NO.024 Dimensionality and Scalability
May 20 - 23, 2013 (Check-in: May 19, 2013 )
- Michael E. Houle
- National Institute of Informatics, Japan
- Vincent Oria
- New Jersey Institute of Technology, USA
- Arthur Zimek
- Ludwig-Maximilians-Universität München, Germany
For many fundamental operations in the areas of search and retrieval, data mining, machine learning, multimedia, recommendation systems, and bioinformatics, the efficiency and effectiveness of implementations depends crucially on the interplay between measures of data similarity and the features by which data objects are represented.
When the number of features (the data dimensionality) is high, similarity values tend to concentrate strongly about their means, a phenomenon commonly referred to as the curse of dimensionality. As the dimensionality increases, the discriminative ability of similarity measures diminishes to the point where methods that depend on them lose their effectiveness.
One fundamental task, arising in applications of multimedia, data mining and machine learning, and other disciplines, is that of content-based similarity search. For such applications, features are often sought so as to provide the best possible coverage across a range of anticipated queries. However, for any given query, only a relatively small number of features may turn out to be relevant. When the dimensionality is high, the errors introduced into similarity measurements by the many irrelevant feature attributes can completely overwhelm the contributions of the relevant features.
The way in which the curse of dimensionality manifests itself varies from discipline to discipline. For example:
- In multimedia applications, direct representations of images and video frames typically involve hundreds or thousands of features. The visual vocabularies currently being sought for large image corpuses or video archives can have millions of visual words. These huge feature set sizes can lead to severe problems for clustering, classification, and any other applications that require content-based similarity search.
- Data mining and analysis applications often require the identification of relatively small clusters of mutually-similary data objects (nuggets). Identification of nuggets usually entails the generation of lists of objects similar to query objects, to serve as candidates for cluster membership. Traditional clustering methods may be inadequate in identifying nuggets; even subspace clustering methods that specifically target groupings based on subsets of the feature set may be defeated by the sheer number of possible feature combinations.
To support operations in such areas, feature selection and other dimensional reduction techniques from machine learning are often considered in an attempt to improve the discriminability of similarity measures, and the scalability of methods that depend upon them. Yet even here, the complexity of searching through combinations of features can be prohibitive.
Dimensionality and data modeling
Many researchers and practitioners from different areas who are specifically working on problems involving the selection of features tend to be aware of the difficulties involved with high-dimensional data settings. Researchers in other areas are generally aware that the performance of their solutions depends on the dimensionality of their data sets, but are often not clear as to why.
In general, researchers tend to evaluate the inherent difficulty of tasks in terms of characteristics of the data set, such as the number of records, the number of feature dimensions, or the size of the data in bytes. However, the usual characterizations are not always indicative of the true difficulty involved in the processing of tasks for that set. For any given task performed on two different sets with the same numbers of records, features, and bytes, the performances could vary tremendously. On the other hand, data sets that are difficult to process for tasks in one domain tend to be difficult to process for other tasks in other domains.

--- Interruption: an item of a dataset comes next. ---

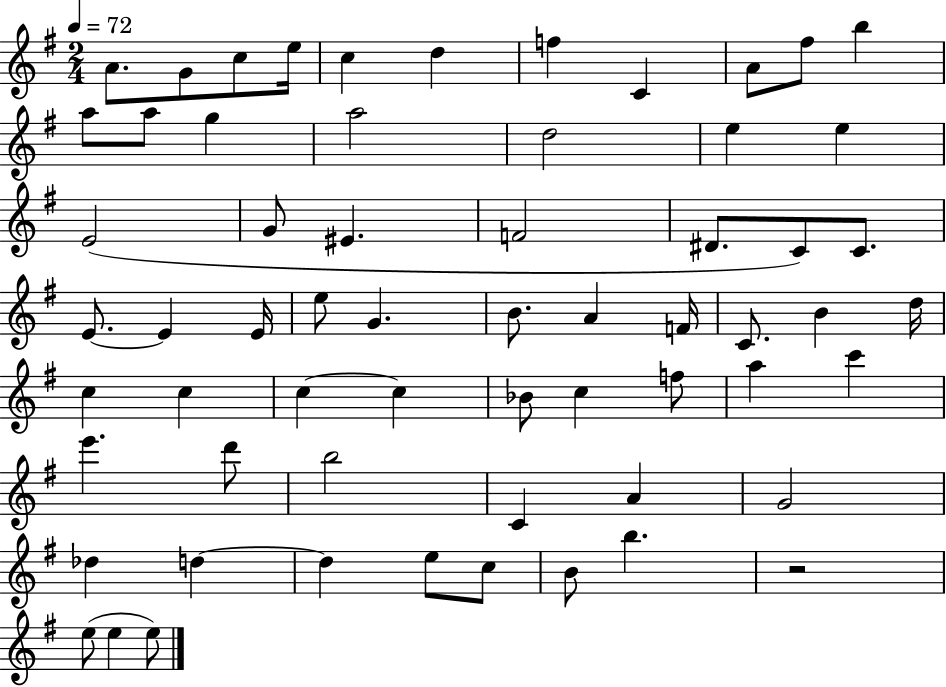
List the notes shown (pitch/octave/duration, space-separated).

A4/e. G4/e C5/e E5/s C5/q D5/q F5/q C4/q A4/e F#5/e B5/q A5/e A5/e G5/q A5/h D5/h E5/q E5/q E4/h G4/e EIS4/q. F4/h D#4/e. C4/e C4/e. E4/e. E4/q E4/s E5/e G4/q. B4/e. A4/q F4/s C4/e. B4/q D5/s C5/q C5/q C5/q C5/q Bb4/e C5/q F5/e A5/q C6/q E6/q. D6/e B5/h C4/q A4/q G4/h Db5/q D5/q D5/q E5/e C5/e B4/e B5/q. R/h E5/e E5/q E5/e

Over the past decade or so, new characterizations of data sets have been proposed so as to assess the performance of particular methods. Such characterizations include estimations of distribution, estimation of local subspace dimension, and measures of intrinsic dimensionality of data. Although the applications affected by the curse of dimensionality vary widely across research disciplines, the characterizations and models of data that can be applied to analyze the performance of solutions are very general. Researchers from different disciplines, even though they work with different types of data for very different purposes, can nevertheless make use of a common set of data models and data characterizations. With a common framework in place for the assessment of the complexity of data sets, general techniques developed within one discipline for common subtasks such as search, clustering, classification, matching, and feature selection could conceivably be assessed for their applicability to tasks from other disciplines. Unfortunately, across the various disciplines, most such characterizations are as yet either unknown or underused, and techniques developed within one discipline for coping with the curse of dimensionality are constantly being reinvented by researchers in other disciplines.

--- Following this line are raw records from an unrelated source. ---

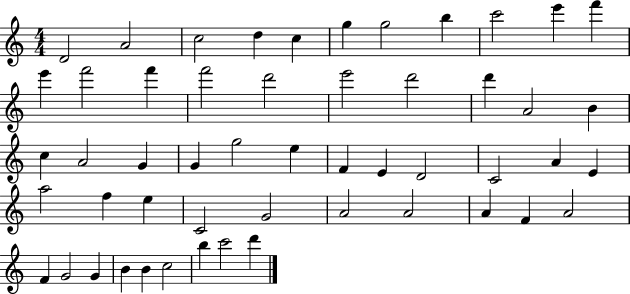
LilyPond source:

{
  \clef treble
  \numericTimeSignature
  \time 4/4
  \key c \major
  d'2 a'2 | c''2 d''4 c''4 | g''4 g''2 b''4 | c'''2 e'''4 f'''4 | \break e'''4 f'''2 f'''4 | f'''2 d'''2 | e'''2 d'''2 | d'''4 a'2 b'4 | \break c''4 a'2 g'4 | g'4 g''2 e''4 | f'4 e'4 d'2 | c'2 a'4 e'4 | \break a''2 f''4 e''4 | c'2 g'2 | a'2 a'2 | a'4 f'4 a'2 | \break f'4 g'2 g'4 | b'4 b'4 c''2 | b''4 c'''2 d'''4 | \bar "|."
}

The goal of this meeting is to bring together researchers and students active in the areas of databases, data mining, pattern recognition, machine learning, statistics, multimedia, bioinformatics, visualization, and algorithmics who are currently searching for effective and scalable solutions to problems affected by the curse of dimensionality. In particular, the objectives are:
- To survey the existing approaches used in dealing with the curse of dimensionality in these various disciplines, identifying their commonalities, strengths and limitations.
- To identify promising general data characterizations useful for the design and analysis of important subtasks common to these disciplines that are strongly affected by the curse of dimensionality, including (but not limited to) search, classification, clustering, and feature selection.
- To promote the adoption of theoretical analysis by researchers within these various disciplines.
Participants will not be expected to give presentations of fully completed research. Instead, emphasis will be placed on group input into the development of data characterizations, and the identification of future directions for research on dimensionality and scalability.